Robert W. Wall, Acts and James, in The Catholic Epistles and Apostolic Tradition, edited by Karl-Wilhelm Niebuhr & Robert W. Wall, page 129:
David Trobisch, The Book of Acts as a Narrative Commentary on the Letters of the New Testament: A Programmatic Essay, in Rethinking the Unity and Reception of Luke and Acts. edited by Andrew F. Gregory & C. Kavin Rowe, page 119:
I admit, I rather like the idea that Acts was composed or compiled as a narrative commentary to the Catholic and Pauline letter collections (probably not including Jude yet in the former nor possibly Hebrews in the latter). The heresiologists inform us that various groups emphasized Paul as the one and only (true) apostle, a tendency to which the narrative of Acts served (and still serves) as counterbalance and control from its very first attestations in the patristic record (Irenaeus, Against Heresies 3.13.1-3, for instance). Acts justifies the reading and appreciation, not only of the Pauline epistles, but also of the Catholic, as authoritative.

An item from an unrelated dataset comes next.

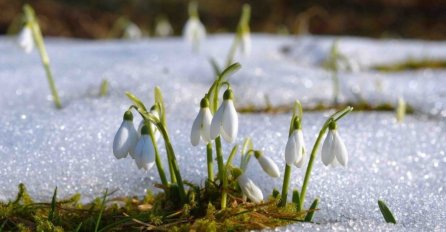 PODSJEĆA NA PROLJEĆE: Evo kakvo nas vrijeme očekuje tokom dana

Are there other points or counterpoints to be made in this regard?
Ben.
ETA: Acts and Paul?
1 Thessalonians 2.1-2, 14-16: 1 For you yourselves know, brethren, that our reception among you was not in vain, 2 but after we had already suffered and been treated abusively in Philippi, as you know, we had the boldness in our God to speak to you the gospel of God amid much opposition. .... 14 For you, brothers and sisters, became imitators of the churches of God in Christ Jesus that are in Judea, for you also endured the same sufferings at the hands of your own countrymen, even as they did from the Jews, 15 who both killed the Lord Jesus and the prophets, and drove us out. They are not pleasing to God, but hostile to all people, 16 hindering us from speaking to the Gentiles so that they may be saved; with the result that they always reach the limit of their sins. But wrath has come upon them fully.
Acts 20.24: 24 “But I do not consider my life of any account as dear to myself, so that I may finish my course and the ministry which I received from the Lord Jesus, to testify solemnly of the gospel of God’s grace.”
Philippians 2.14-17: 14 Do all things without complaining or arguments; 15 so that you will prove yourselves to be blameless and innocent, children of God above reproach in the midst of a crooked and perverse generation, among whom you appear as lights in the world, 16 holding firmly the word of life, so that on the day of Christ I can take pride because I did not run in vain nor labor in vain. 17 But even if I am being poured out as a drink offering upon the sacrifice and service of your faith, I rejoice and share my joy with you all.
Acts 20.31: 31 “Therefore, be on the alert, remembering that night and day for a period of three years I did not cease to admonish each one with tears.”
1 Thessalonians 2.9-12: 9 For you recall, brethren, our labor and hardship: it was by working night and day so as not to be a burden to any of you, that we proclaimed to you the gospel of God. 10 You are witnesses, and so is God, of how devoutly and rightly and blamelessly we behaved toward you believers; 11 just as you know how we were exhorting and encouraging and imploring each one of you as a father would his own children, 12 so that you would walk in a manner worthy of the God who calls you into His own kingdom and glory.